-- DATA RECORDS follows --
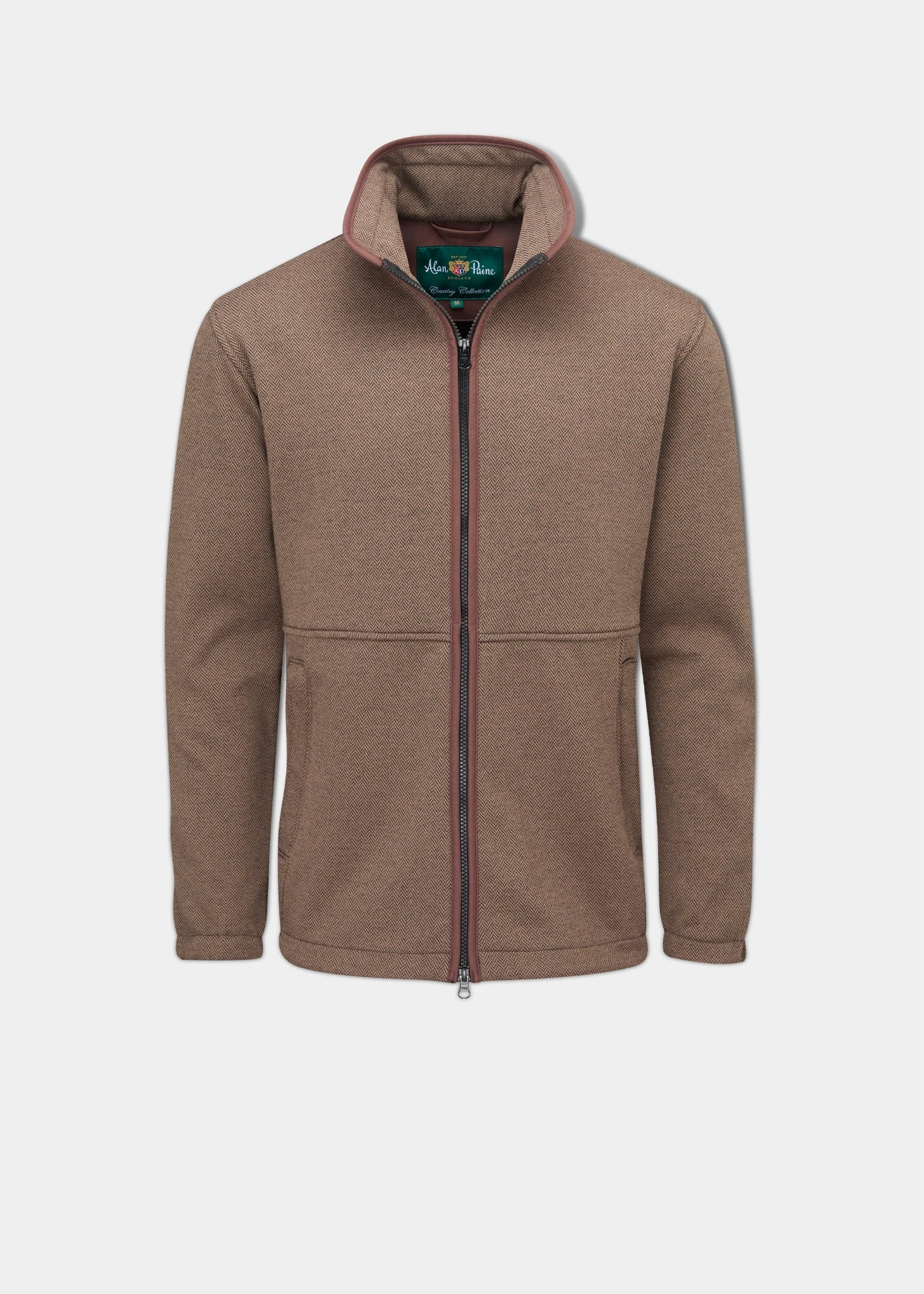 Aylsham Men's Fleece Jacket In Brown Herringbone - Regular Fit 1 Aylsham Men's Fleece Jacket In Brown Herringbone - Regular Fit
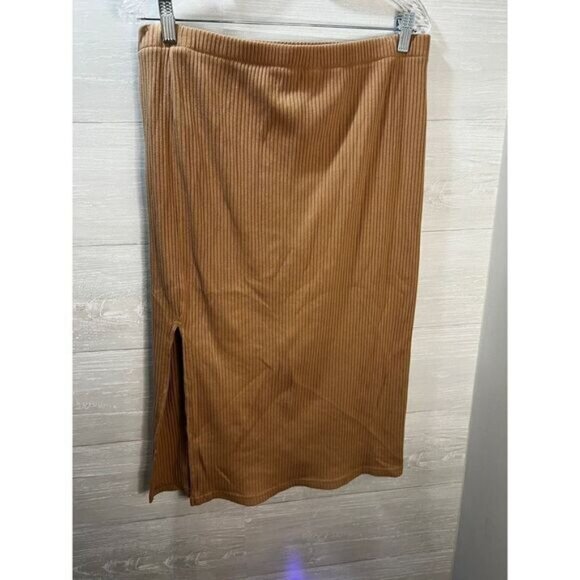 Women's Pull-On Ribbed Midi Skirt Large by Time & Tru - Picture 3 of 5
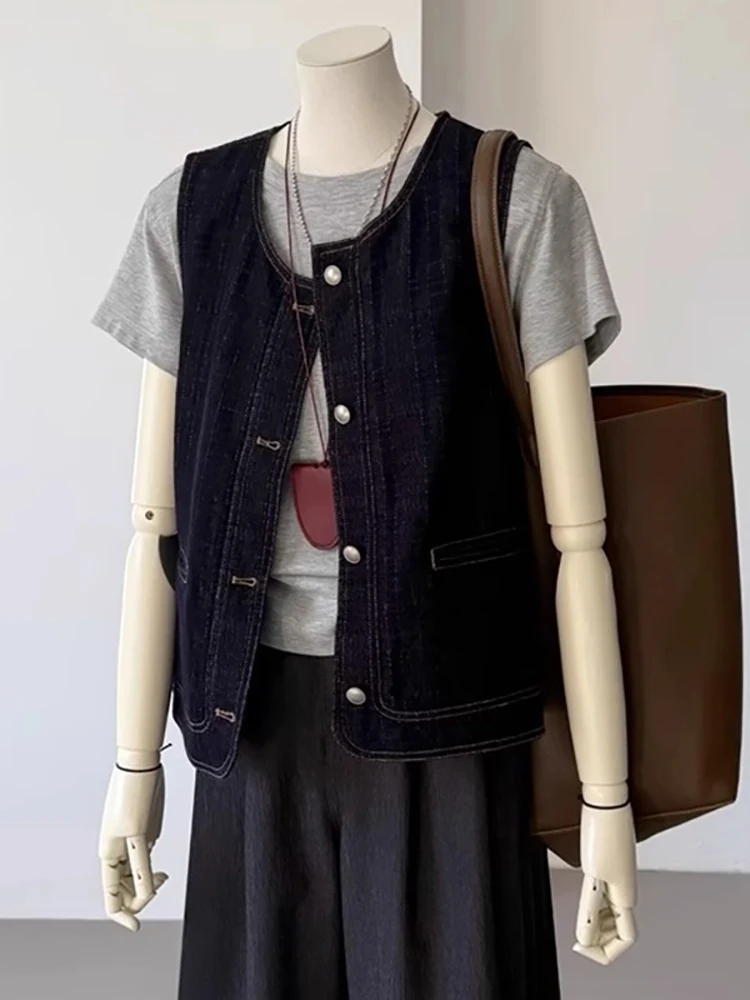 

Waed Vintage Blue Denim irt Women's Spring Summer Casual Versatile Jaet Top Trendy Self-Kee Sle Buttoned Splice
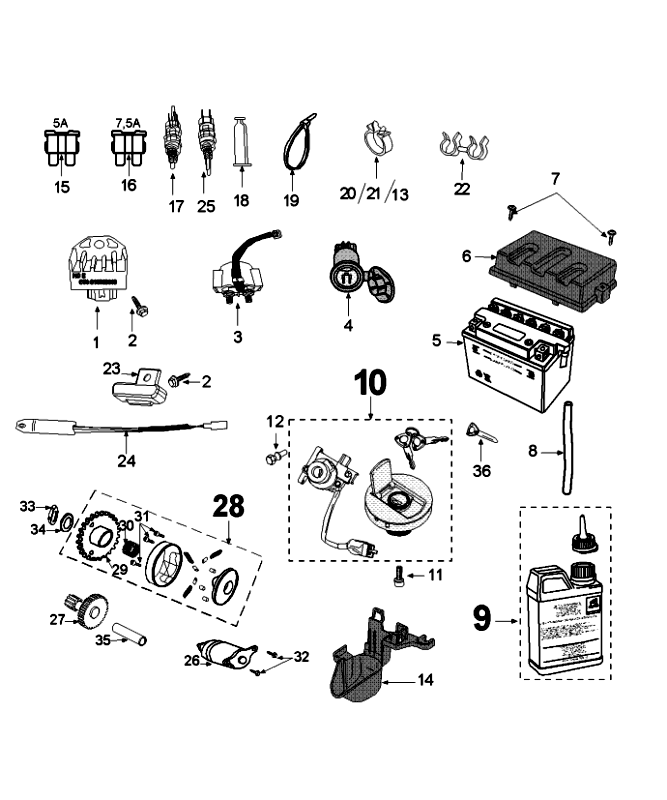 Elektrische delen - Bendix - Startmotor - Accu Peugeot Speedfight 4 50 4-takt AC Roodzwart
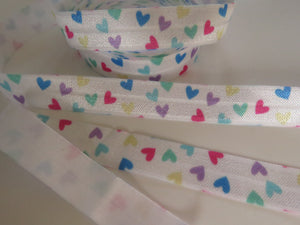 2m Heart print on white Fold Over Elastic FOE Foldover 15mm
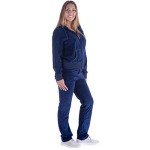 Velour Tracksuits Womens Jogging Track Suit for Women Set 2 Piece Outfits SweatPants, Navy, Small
-- DATA RECORDS concluded --
=== TASK DESCRIPTION ===
Leaving aside the pictures, copy the listing above exactly.

=== ANSWER ===
 Aylsham Men's Fleece Jacket In Brown Herringbone - Regular Fit 1 Aylsham Men's Fleece Jacket In Brown Herringbone - Regular Fit
 Women's Pull-On Ribbed Midi Skirt Large by Time & Tru - Picture 3 of 5

Waed Vintage Blue Denim irt Women's Spring Summer Casual Versatile Jaet Top Trendy Self-Kee Sle Buttoned Splice
 Elektrische delen - Bendix - Startmotor - Accu Peugeot Speedfight 4 50 4-takt AC Roodzwart
 2m Heart print on white Fold Over Elastic FOE Foldover 15mm
 Velour Tracksuits Womens Jogging Track Suit for Women Set 2 Piece Outfits SweatPants, Navy, Small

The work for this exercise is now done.